# What I really, really want. Really.



## edmundjaques (Dec 29, 2005)

Dear nice Mr. Colnago.
Here in UK Reynolds have come up with a "new" tubing ....953. One framebuilder is saying " the strength is off the chart" and is building sub 17lbs bikes. I'm sure you can do much better. Can I have one please? Oh, a nice new paint job to go with it too.
Grazie!


----------



## ETWN Stu (Feb 15, 2007)

http://www.cyclingnews.com/tech/2005/shows/australia05/?id=results/australia051

1000grm steel frame...Yes please!


----------



## il sogno (Jul 15, 2002)

Heck I'd settle for Columbus Spirit tubing.


----------



## edmundjaques (Dec 29, 2005)

edmundjaques said:


> Dear nice Mr.
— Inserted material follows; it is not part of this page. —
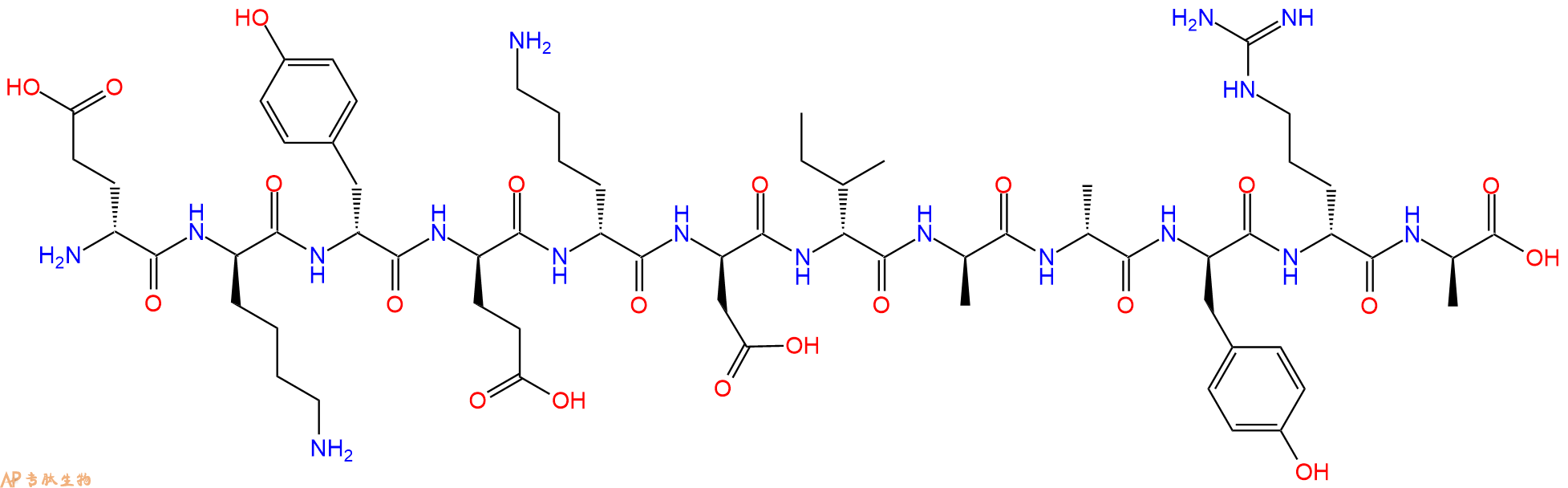 专肽生物产品H2N-DGlu-DLys-DTyr-DGlu-DLys-DAsp-DIle-DAla-DAla-D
Colnago.
> Here in UK Reynolds have come up with a "new" tubing ....953. One framebuilder is saying " the strength is off the chart" and is building sub 17lbs bikes. I'm sure you can do much better. Can I have one please? Oh, a nice new paint job to go with it too.
> Grazie!


Getting a bit more interesting: June '07 issue of l'Acheteur Cycliste carries an excellent article ( in French) on three steel frames currently available from Alex Singer in Paris.
The 753 ( ie Reynolds) comes in at just over 18lbs. I had a (silver brazed) 753 by Merckx a few years ago which was superb and I regret selling. Don't know the weight, it didn't seem to matter. Point is - 853 has been out for a while, and now 953 is available. If Merckx doesn't go for it ( and I believe he considers steel to be dead) surely Ernesto should - he hasn't written steel off - thank goodness. Any thoughts?


----------



## odeum (May 9, 2005)

*this stuff is durn thin walled,*

foco, ultrafoco and the latest similar itterations, can on impact can tear like foil, so mebbe this is a factor, it also ripples like crazy upon being hit with the tig rod, causing deformation and weird crystalization of the metal.
carbon is more practical from a manufacturing standpoint...but i do have a wilier nemo that rides good, even so, over a year has passed and the c-40 hp gets the ride preference every time, the steel is basically in storage right now.




edmundjaques said:


> Getting a bit more interesting: June '07 issue of l'Acheteur Cycliste carries an excellent article ( in French) on three steel frames currently available from Alex Singer in Paris.
> The 753 ( ie Reynolds) comes in at just over 18lbs. I had a (silver brazed) 753 by Merckx a few years ago which was superb and I regret selling. Don't know the weight, it didn't seem to matter. Point is - 853 has been out for a while, and now 953 is available. If Merckx doesn't go for it ( and I believe he considers steel to be dead) surely Ernesto should - he hasn't written steel off - thank goodness. Any thoughts?


----------



## takmanjapan (Mar 24, 2004)

*you want more?????*

The current masterlight with paint and chrome is a very competitive 3.5 pounds. Makes me think that only a welded frame could get a lot lower than that! But while we are all dreaming, a 2.5 pound frame with lugs and paint would be nice.....

Takmanjapan


----------